PROVIDED MATERIAL section start

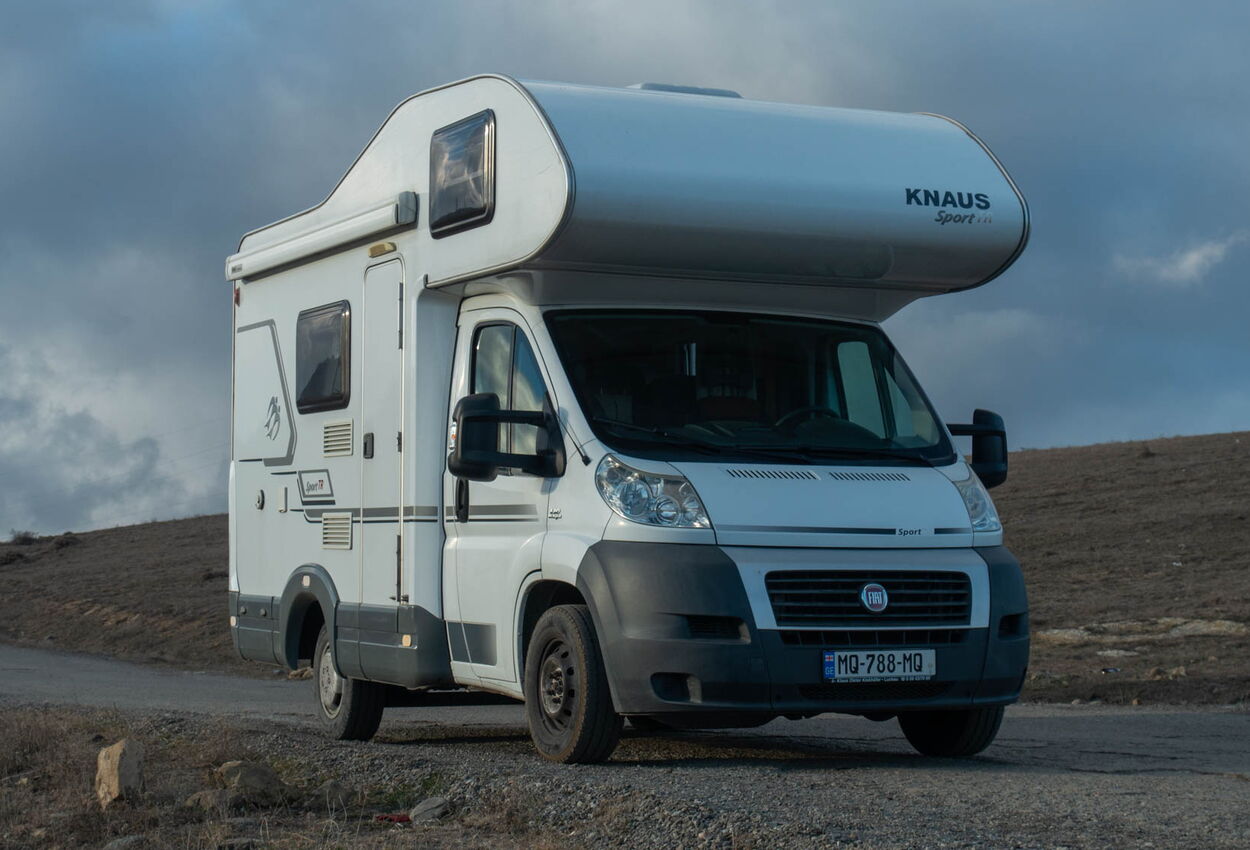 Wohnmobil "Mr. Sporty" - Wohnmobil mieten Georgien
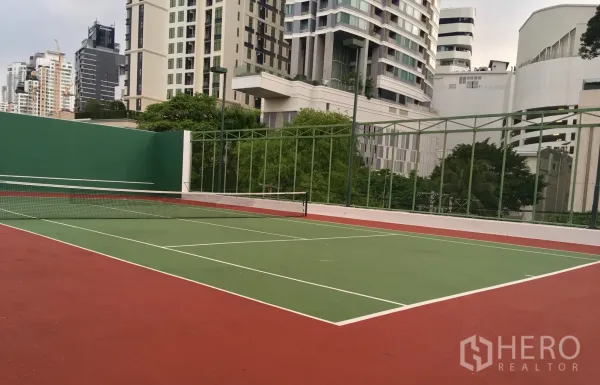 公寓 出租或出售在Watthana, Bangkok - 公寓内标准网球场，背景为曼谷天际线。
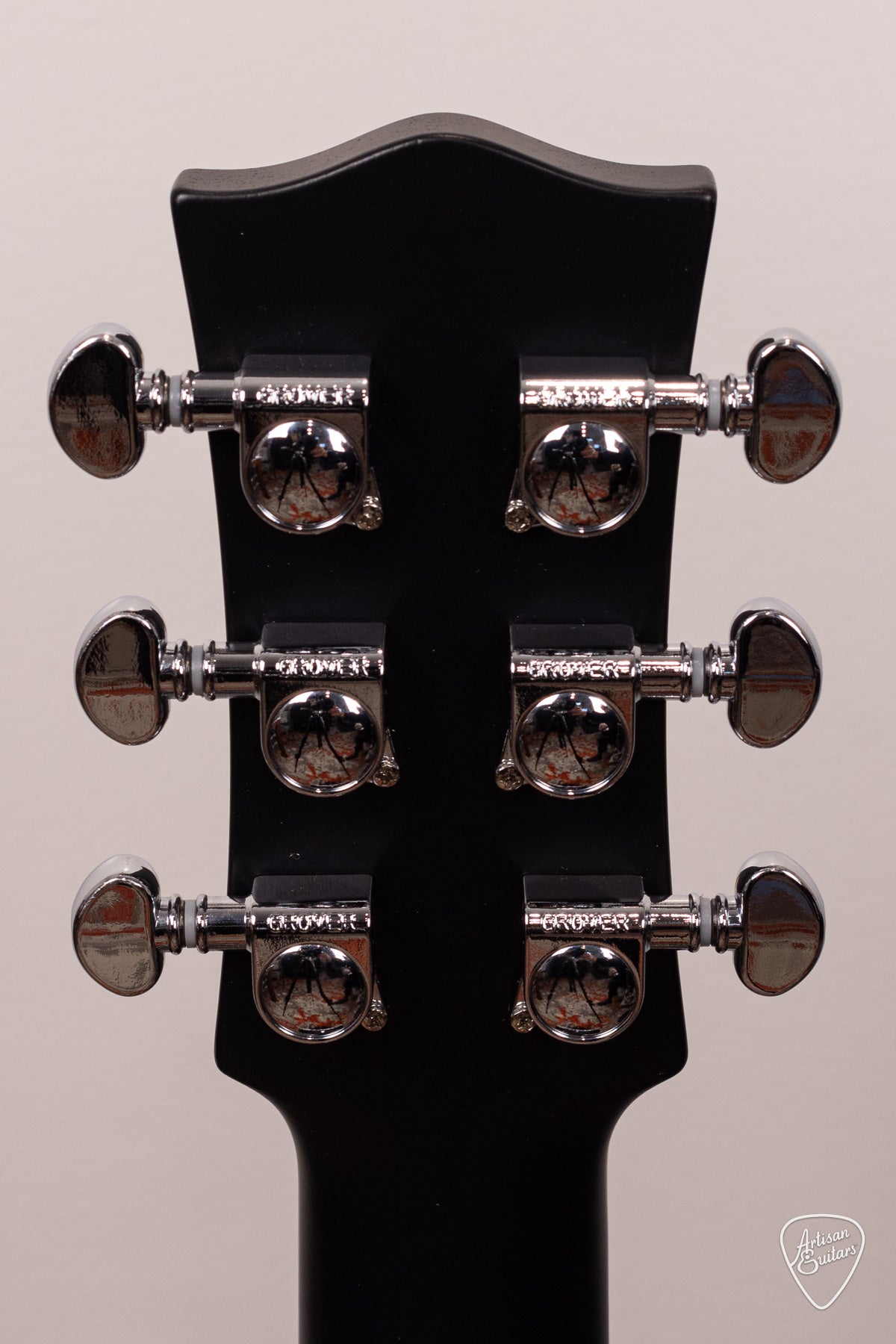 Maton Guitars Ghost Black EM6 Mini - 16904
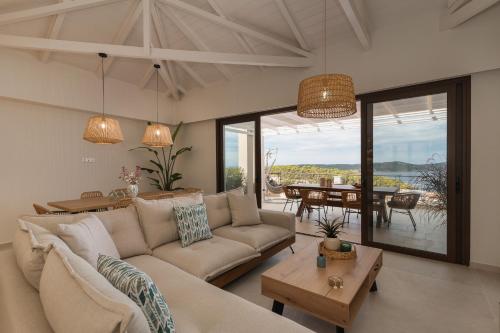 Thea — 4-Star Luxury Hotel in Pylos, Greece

PROVIDED MATERIAL section end
PROVIDED MATERIAL section start

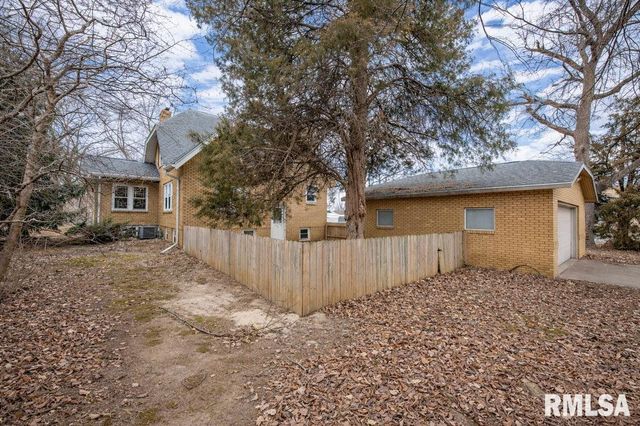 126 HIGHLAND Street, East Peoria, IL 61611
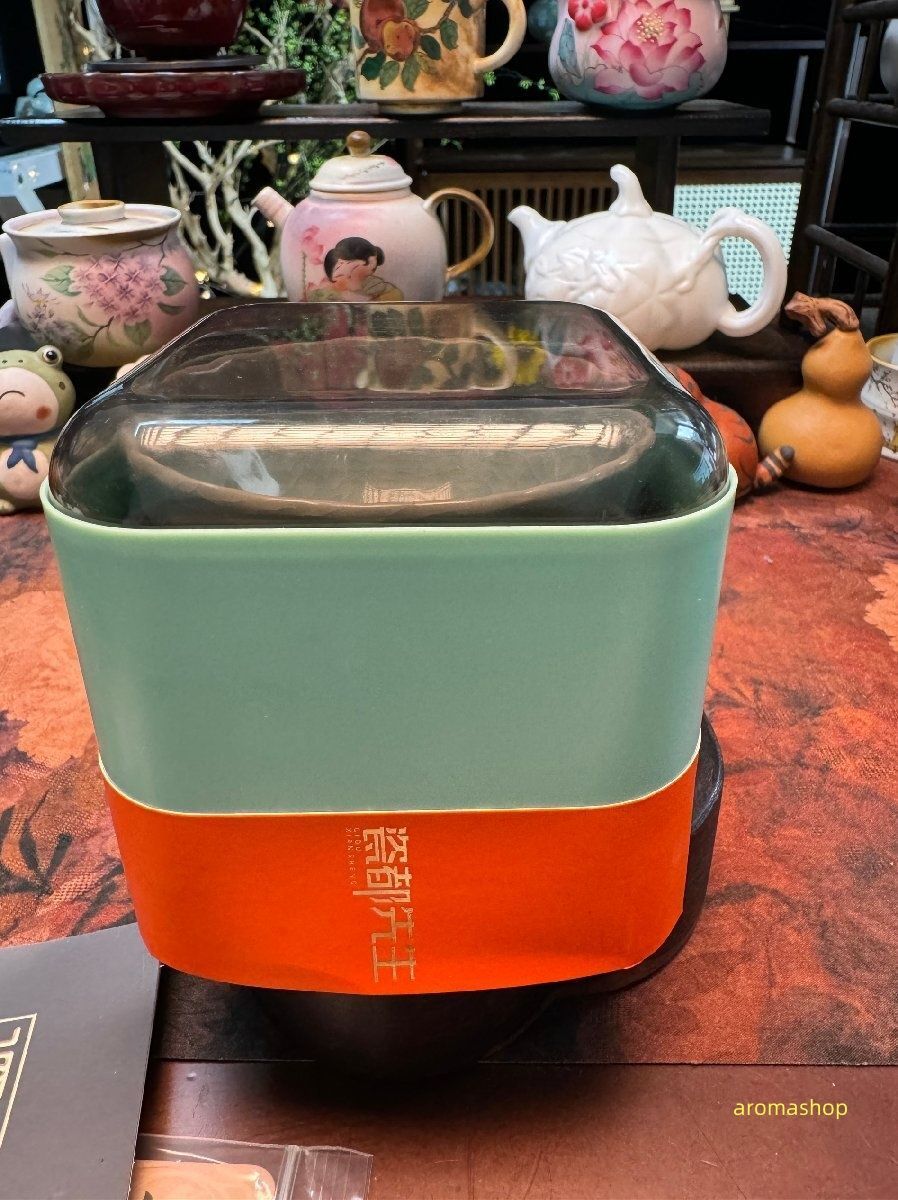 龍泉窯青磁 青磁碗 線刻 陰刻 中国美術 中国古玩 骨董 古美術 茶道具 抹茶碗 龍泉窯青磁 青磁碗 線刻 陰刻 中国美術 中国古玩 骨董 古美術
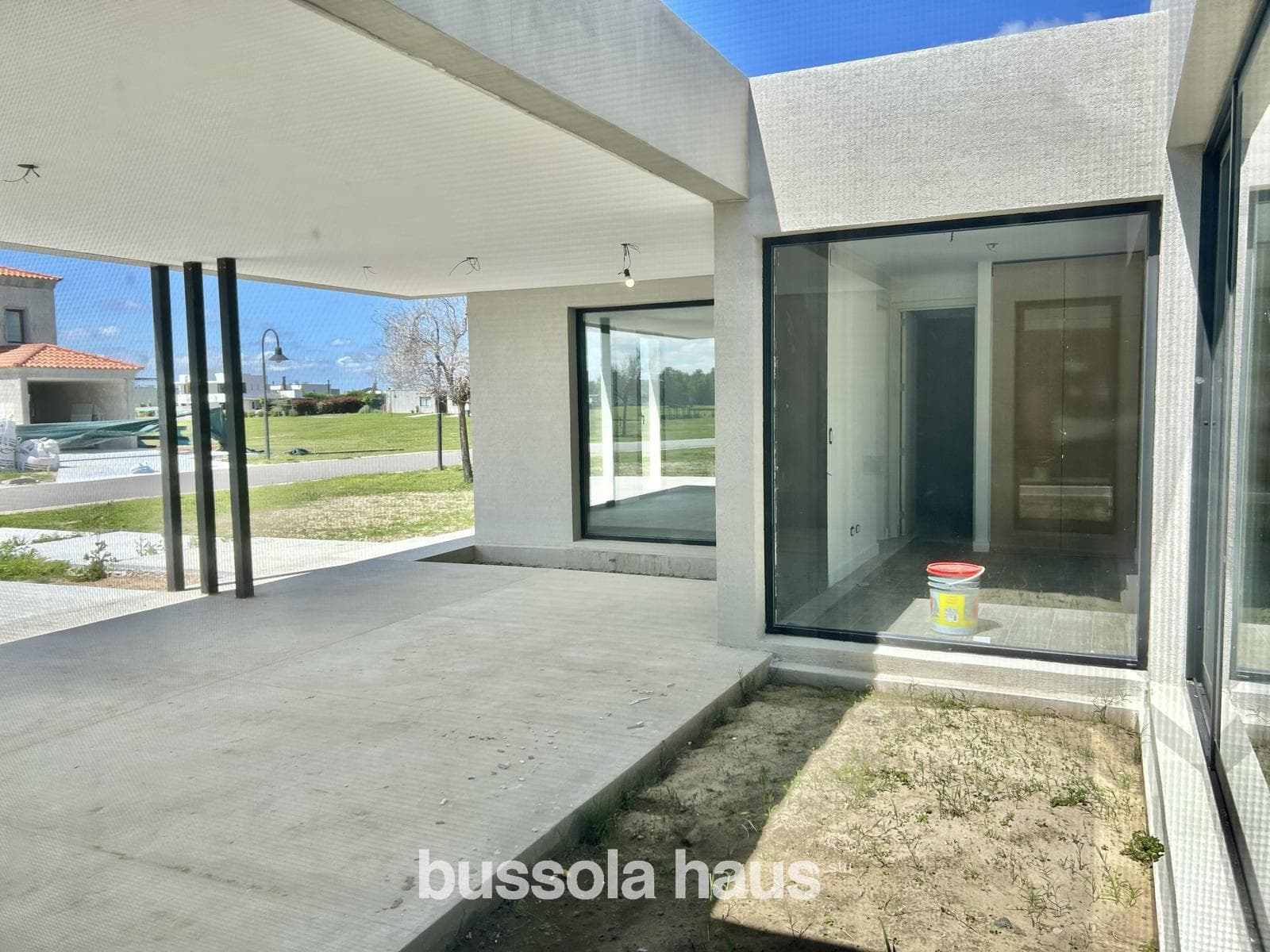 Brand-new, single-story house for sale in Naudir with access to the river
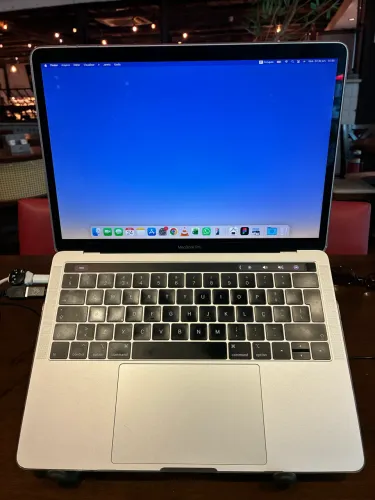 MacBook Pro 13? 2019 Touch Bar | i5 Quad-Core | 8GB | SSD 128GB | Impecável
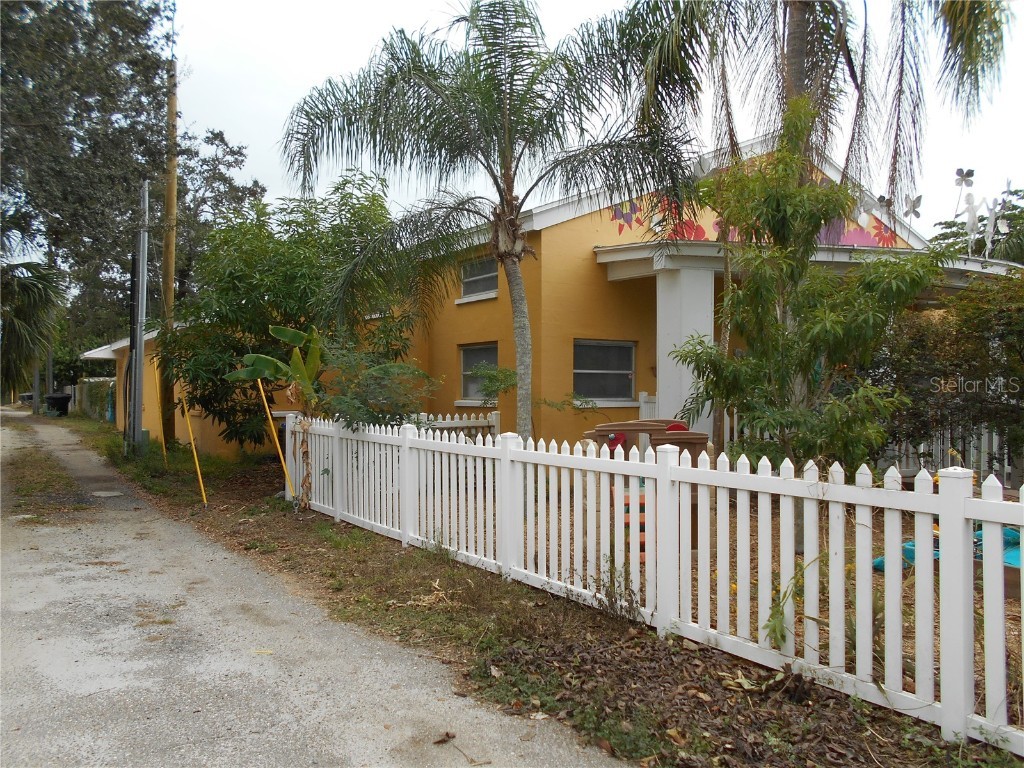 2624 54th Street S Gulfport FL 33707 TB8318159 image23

PROVIDED MATERIAL section end

REQUIRED WORK: Go to the line above that has "Wohnmobil mieten Georgien" and copy exactly from there down to the line that has "Thea — 4-Star Luxury Hotel in Pylos, Greece", both included. Leave the pictures out.

TASK SOLUTION:
 Wohnmobil "Mr. Sporty" - Wohnmobil mieten Georgien
 公寓 出租或出售在Watthana, Bangkok - 公寓内标准网球场，背景为曼谷天际线。
 Maton Guitars Ghost Black EM6 Mini - 16904
 Thea — 4-Star Luxury Hotel in Pylos, Greece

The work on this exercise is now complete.